FINE PENATI MAI - IN UNA MEMORIA DIFENSIVA, L’EX SEGRETARIO DELLA PROVINCIA PRINCIOTTA SMENTISCE DI AVER SCRITTO L’APPUNTO SULLE TANGENTI SERRAVALLE: “DI CATERINA MENTE” (PRESTO L’ESAME CALLIGRAFICO) - “IL PREZZO DELLE AZIONI OFFERTO AI PRIVATI FU LO STESSO OFFERTO AL SINDACO ALBERTINI” - PRESTO DAI PM L’EX PRIMO CITTADINO CHE RIVELÒ: “GAVIO (CHE È MORTO E NON PUÒ PIÙ CONFERMARE NÉ SMENTIRE) MI DISSE CHE L’OPERAZIONE SERRAVALLE ERA STATA DECISA A TAVOLINO DA D’ALEMA E FASSINO” - E INTANTO BINASCO SI DIMETTE...

1 - TANGENTI A SESTO, IL GIALLO DELLA LETTERA
Paolo Colonnello per "la Stampa"

Potrebbe essere uno dei punti cardine dell'accusa per dimostrare l'esistenza di accordi sotterranei sulla vendita della Milano Serravalle alla Provincia di Penati, invece si sta rivelando un giallo.
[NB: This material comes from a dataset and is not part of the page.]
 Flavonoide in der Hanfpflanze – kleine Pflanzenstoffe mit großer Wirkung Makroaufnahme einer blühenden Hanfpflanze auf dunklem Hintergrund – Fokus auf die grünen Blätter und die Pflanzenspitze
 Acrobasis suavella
Si parla della famosa lettera che secondo l'imprenditore Piero Di Caterina sarebbe stata stilata nello studio di un commercialista milanese in via Broletto con le indicazioni, scritte a mano, dell'esistenza di un «sovrapprezzo» da pagare a Penati e al suo braccio destro dell'epoca, Giordano Vimercati.

Un foglio dattiloscritto sotto il quale vennero presi degli appunti e che il «grande accusatore» del «sistema Sesto» sostiene gli venne consegnato in un ristorante di Lugano da Antonio Princiotta, all'epoca segretario generale della Provincia, molto arrabbiato per essere stato tenuto fuori dalla partita.
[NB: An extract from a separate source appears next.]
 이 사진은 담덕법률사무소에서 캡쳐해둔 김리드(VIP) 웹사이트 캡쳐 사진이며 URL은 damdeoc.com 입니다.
Ma ieri Princiotta, indagato, attraverso il suo legale Luca Giuliante, ha depositato una memoria difensiva nella quale smentisce decisamente non solo di avere consegnato quella carta a Di Caterina ma che le indicazioni ivi contenute, che contemplavano ad esempio l'ingresso nel cda dell'autostrada di Bruno Binasco, amministratore delegato del gruppo Gavio - ovvero della società che si apprestava a vendere le azioni con una plusvalenza record di 179 milioni di euro - erano completamente errate.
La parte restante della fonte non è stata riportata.